DIRECTIONS:
Reproduce exactly the span of lines beginning at the one with "レジデンス伊島(4LDK/2階)の間取り写真" and ending at the last line of the data below, omitting pictures.

DATA TO EXAMINE:
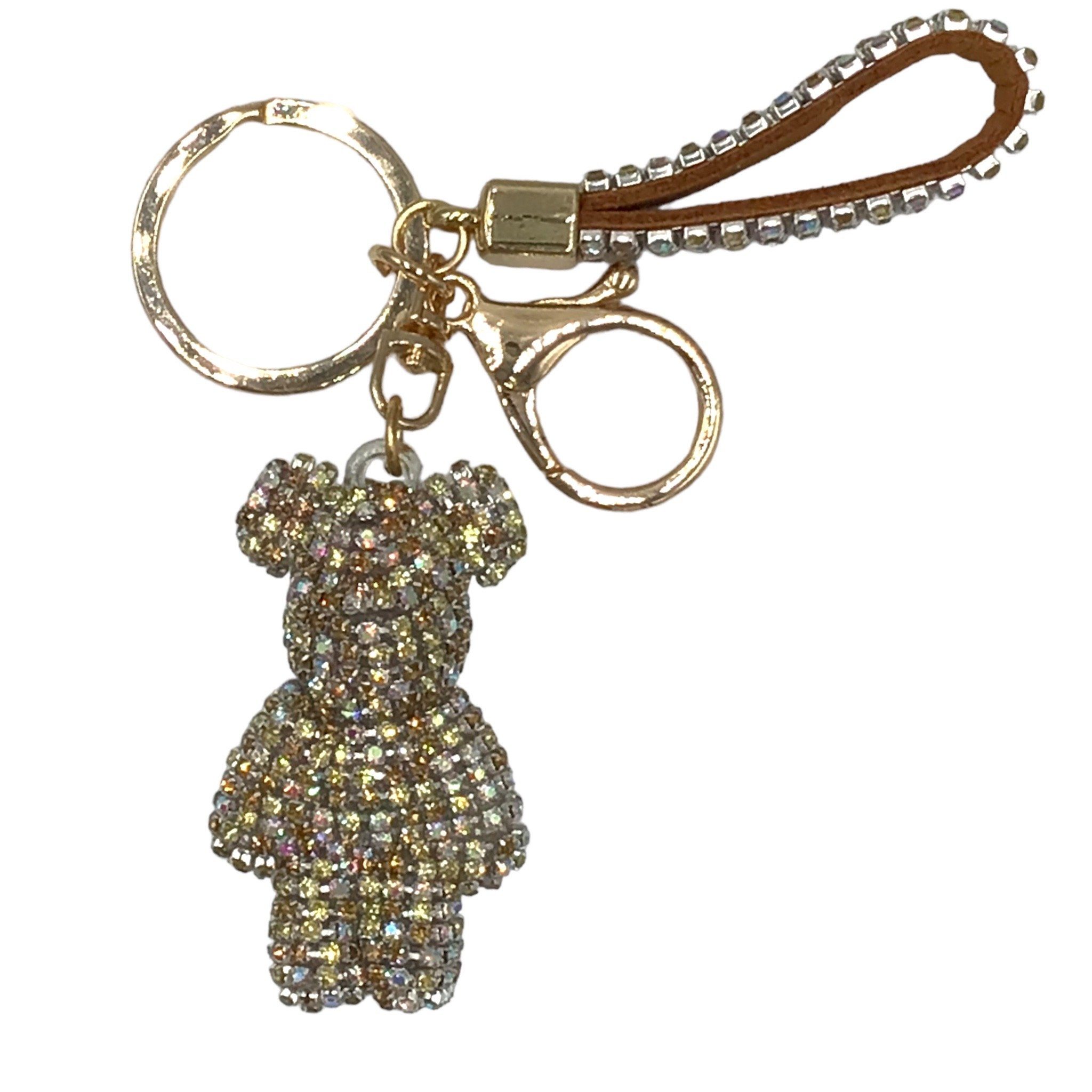 Steinfixx® Schlüsselanhänger Edler Strass Teddybär Cartoon Schlüsselanhänger mit Lederband (Teddybär Anhänger mit Schlüsselring und Karabinerhaken sowie Schlaufe), Schlüsselanhänger - Handyanhänger reich bestückt mit Rhinestones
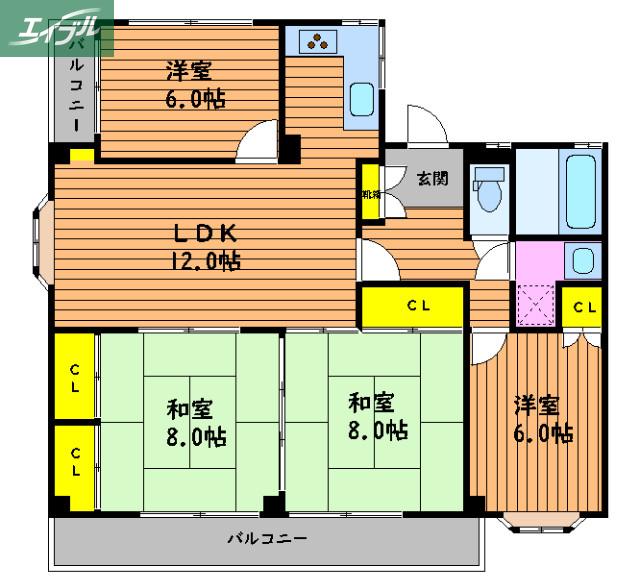 レジデンス伊島(4LDK/2階)の間取り写真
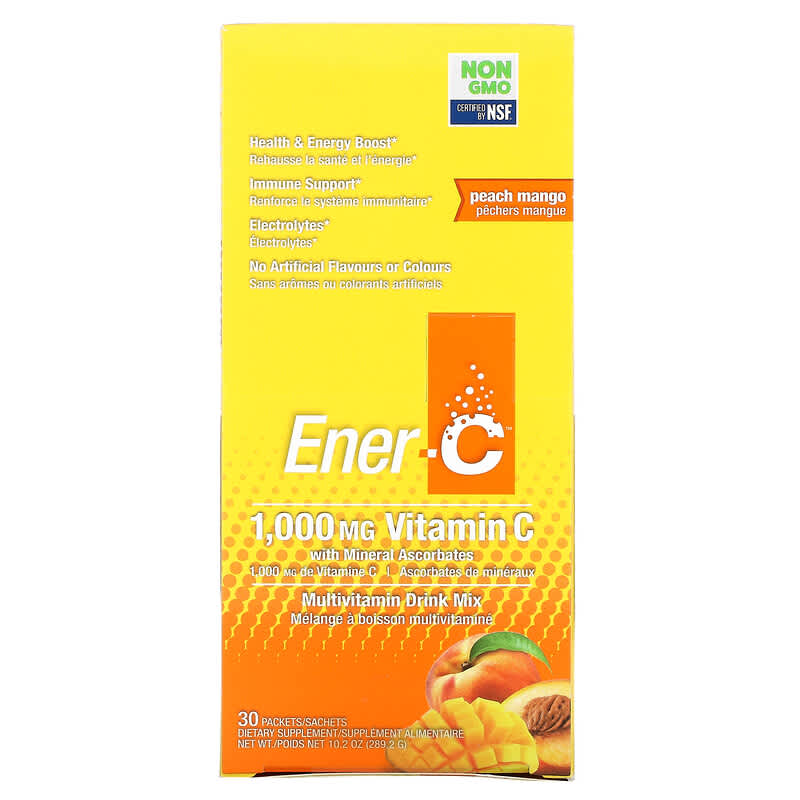 Ener-C, Vitamin C, Multivitamin Drink Mix, Peach Mango, 1,000 mg, 30 Packets, 0.3 oz (9.64 g) Each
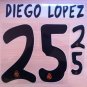 DIEGO LOPEZ 25 REAL MADRID HOME 2013 2014 NAME NUMBER SET NAMESET PRINT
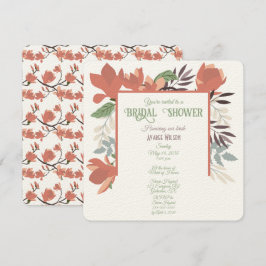 Dunkler Lachs Grün Blau und Lila Folklorekunst Einladung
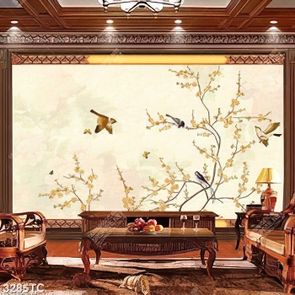 Tranh hoa đào và chim én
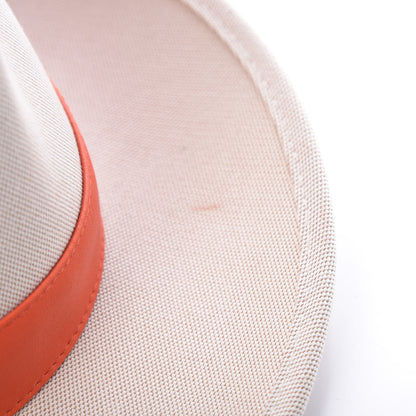 Hermes Toile Lambskin Hat 56 Natural 7 of 10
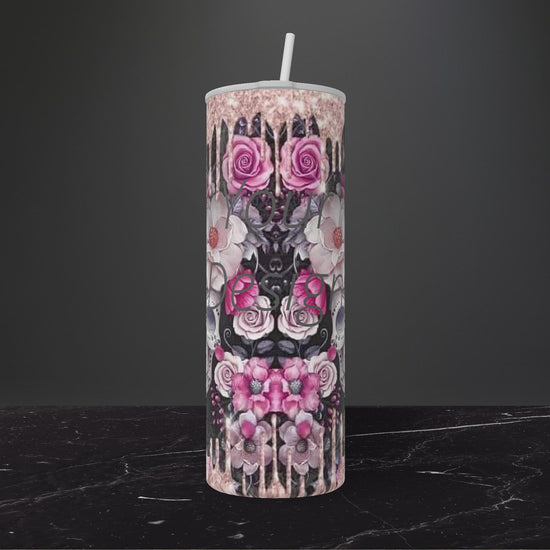 Pink Skull-20oz Skinny Stainless Steel Tumbler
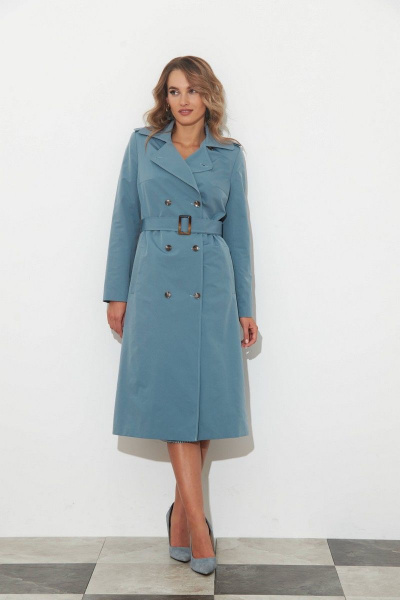 Плащ SandyNa 130602 голубой - фото 3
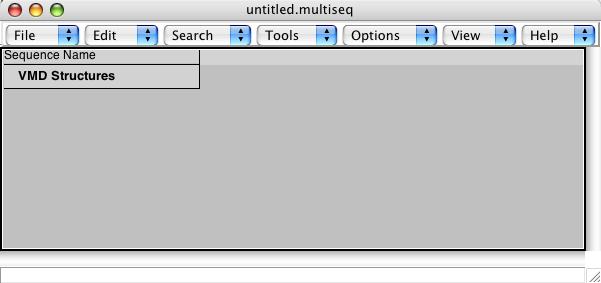 1 INTRODUCTION 10 8. The MultiSeq program window will then appear on the screen. The rest of the tutorial and exercises will use features from this window, unless otherwise specified.
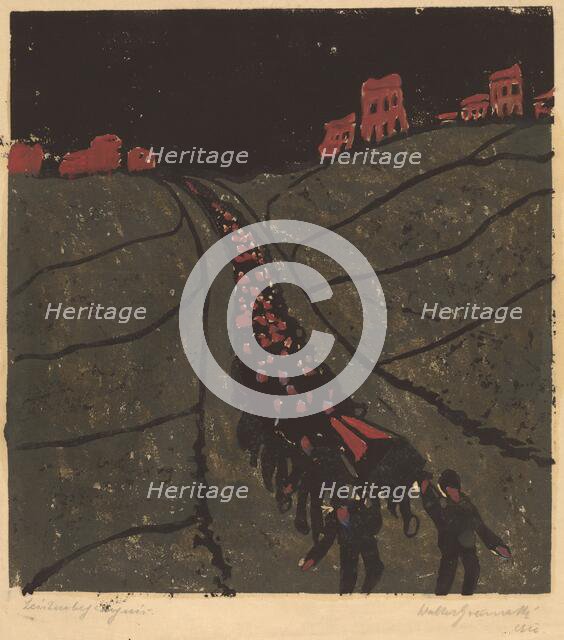 The Burial (Begräbnis), 1916. Creator: Walter Gramatté.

RESPONSE BOX:
 レジデンス伊島(4LDK/2階)の間取り写真
 Ener-C, Vitamin C, Multivitamin Drink Mix, Peach Mango, 1,000 mg, 30 Packets, 0.3 oz (9.64 g) Each
 DIEGO LOPEZ 25 REAL MADRID HOME 2013 2014 NAME NUMBER SET NAMESET PRINT
 Dunkler Lachs Grün Blau und Lila Folklorekunst Einladung
 Tranh hoa đào và chim én
 Hermes Toile Lambskin Hat 56 Natural 7 of 10
 Pink Skull-20oz Skinny Stainless Steel Tumbler
 Плащ SandyNa 130602 голубой - фото 3
 1 INTRODUCTION 10 8. The MultiSeq program window will then appear on the screen. The rest of the tutorial and exercises will use features from this window, unless otherwise specified.
 The Burial (Begräbnis), 1916. Creator: Walter Gramatté.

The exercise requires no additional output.